The case for Additional/Extended COG RAM (+2/4/6/8KB)

jmg · 2014-05-22 14:24

Cluso99 wrote: »

4. Do you believe all cogs must be equal in terms of cog ram?
I think some cogs need more memory so they can do the grunt work.

Exploring this makes sense, but it depends first on getting HubExec, and some idea of total Memory Impacts of the newest respin.
The obvious first step, is to add Code-run from LUT, as that has no Memory trade-offs- it better uses what is already there. Chip has indicated he will look at this

Note with the newest hardware, you can stream faster to the HUB than you can to a COG, and large HUB is very flexible memory.

evanh · 2014-05-22 14:57

Heater. wrote: »

Did we really get as low as 128K in the old P2? That is really not good enough,

Yup, that first shuttle run was with only 128k hubRAM. I certainly wasn't happy at the time, given we'd already given up on having 16 cogs earlier. 256k hubRAM only came when Chip stripped out the global DAC bus around the same time as threading was added.

Only as hubexec came into focus and Chip had to keep stuffing in more caching and muxing, the quad-wide hub bus, and special instructions did things become difficult for him.

Belatedly, and somewhat independently, the thermal issue caused him to rethink the whole approach.

Roy Eltham · 2014-05-22 15:12

My projects vary all over the place. On the P1, I mostly use PASM/Spin, but I have been working on a project that is completely in C/C++ using propgcc/simpleIDE (it uses cogc for several drivers, and then the main code in C/C++). That all C/C++ project is using an external SPI ram and XMMC mode to be able to fit on the P1 at all.

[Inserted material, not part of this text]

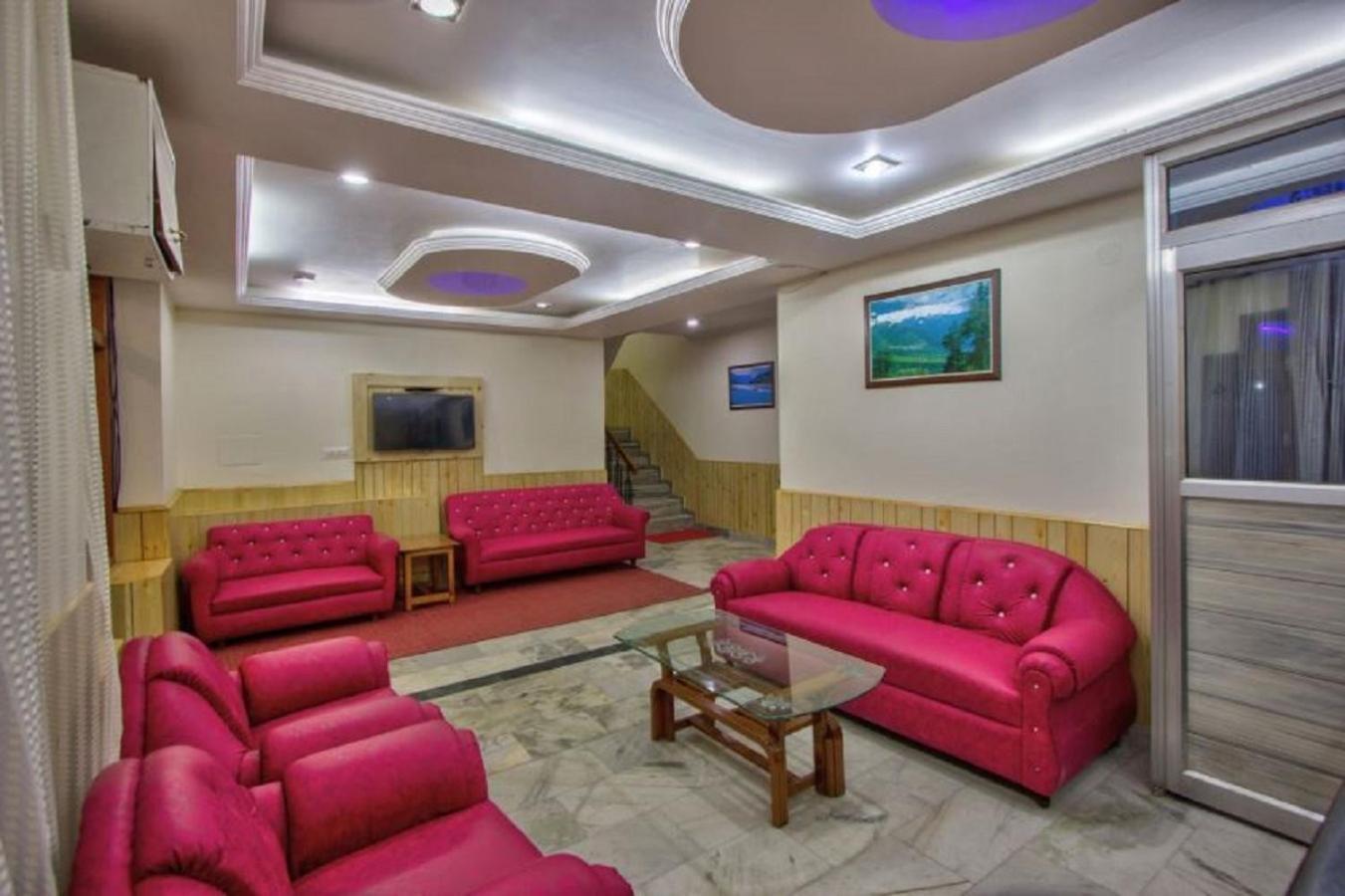 White Mountain Hotel Manali  Ngoại thất bức ảnh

For the P2, I imagine I will have some of each as well, but probably more in the C/C++ side since it will handle it better without external memory. I can easily fill up 512K with C/C++ code/data for any number of projects (pinball machine, medium sized robot with whole house mapping & intelligent navigation). With hubexec, that code will run fast, and I can use multiple cogs running the same code in parallel (if it's in HUB memory) operating on different parts of the data.

I was never happy with the 128K hub on the early P2 design, it was 256K hub after they dropped the full cog to pins bus allowing all cogs to talk to all pins for DACs (aka 9bit data path to all pins). 256K was ok, but still not enough, it was alleviated by the built in SDRAM support and enough pins to have a large SDRAM and still have plenty of I/Os. 512K is good, but I would still prefer even more HUB ram. I look forward to a future chip someday that has multiple megabytes of shared hub memory... perhaps even having the HUB memory being extendable seamlessly with external memory!

For me, my most typical use case for the Prop architecture is to have several special hand written drivers spread around the available cogs, and then one cog running some main/master code that interacts with those drivers. Occasionally, I will use a few cogs working together on a single task (like capturing a frame from a camera module).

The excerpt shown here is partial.